INSTRUCTIONS TO FOLLOW: Please output exactly the lines from the one that holds "That's it for" through the final line of the data, and nothing else; leave out any pictures.

SOURCE MATERIAL:
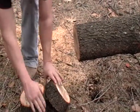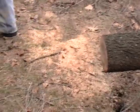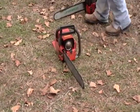Okay, that was the stock Husqvarna 61. Now we're going to do the modified 61.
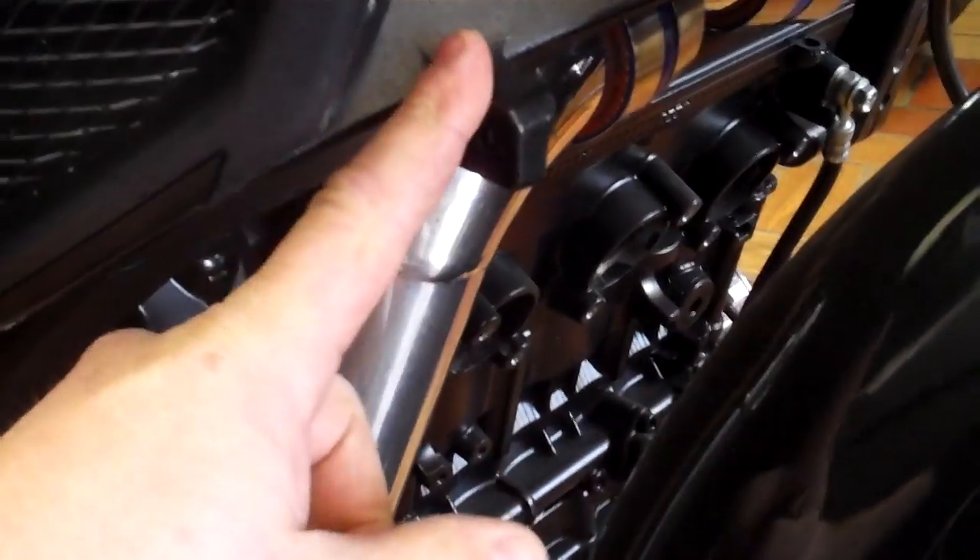We're going to remove some of the frame mounts, plug the holes, and flush everything out because the frame and the complete body and fairing are going to be all painted together. We haven't done too much with the handlebars yet.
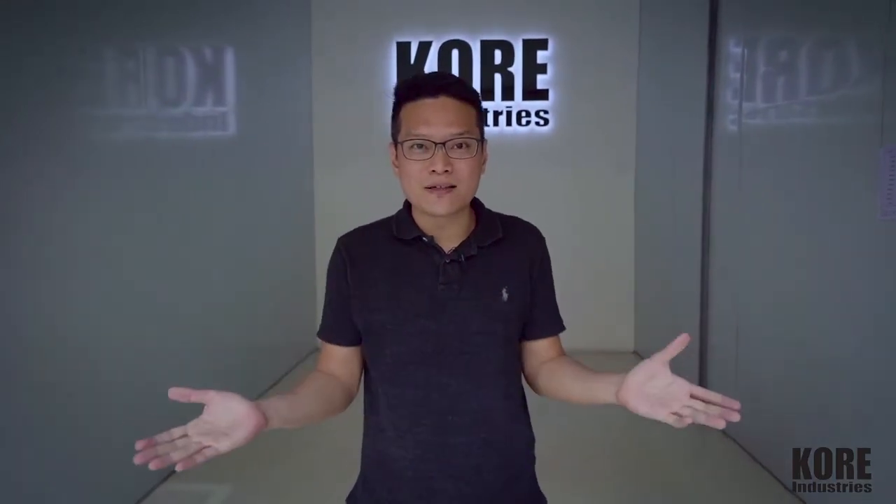That's it for now. Thanks for tuning in, thanks for watching, and I'll see you next time.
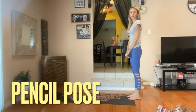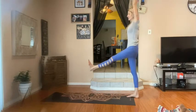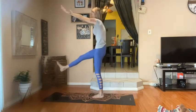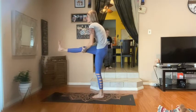Pencil pose begins at the back of your mat. You're going to raise your left leg as you raise your arms. Exhale, pull the tummy back. Grab anywhere you can, as long as it's not the knee.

SOLUTION TO THIS PROBLEM:
That's it for now. Thanks for tuning in, thanks for watching, and I'll see you next time.
Pencil pose begins at the back of your mat. You're going to raise your left leg as you raise your arms. Exhale, pull the tummy back. Grab anywhere you can, as long as it's not the knee.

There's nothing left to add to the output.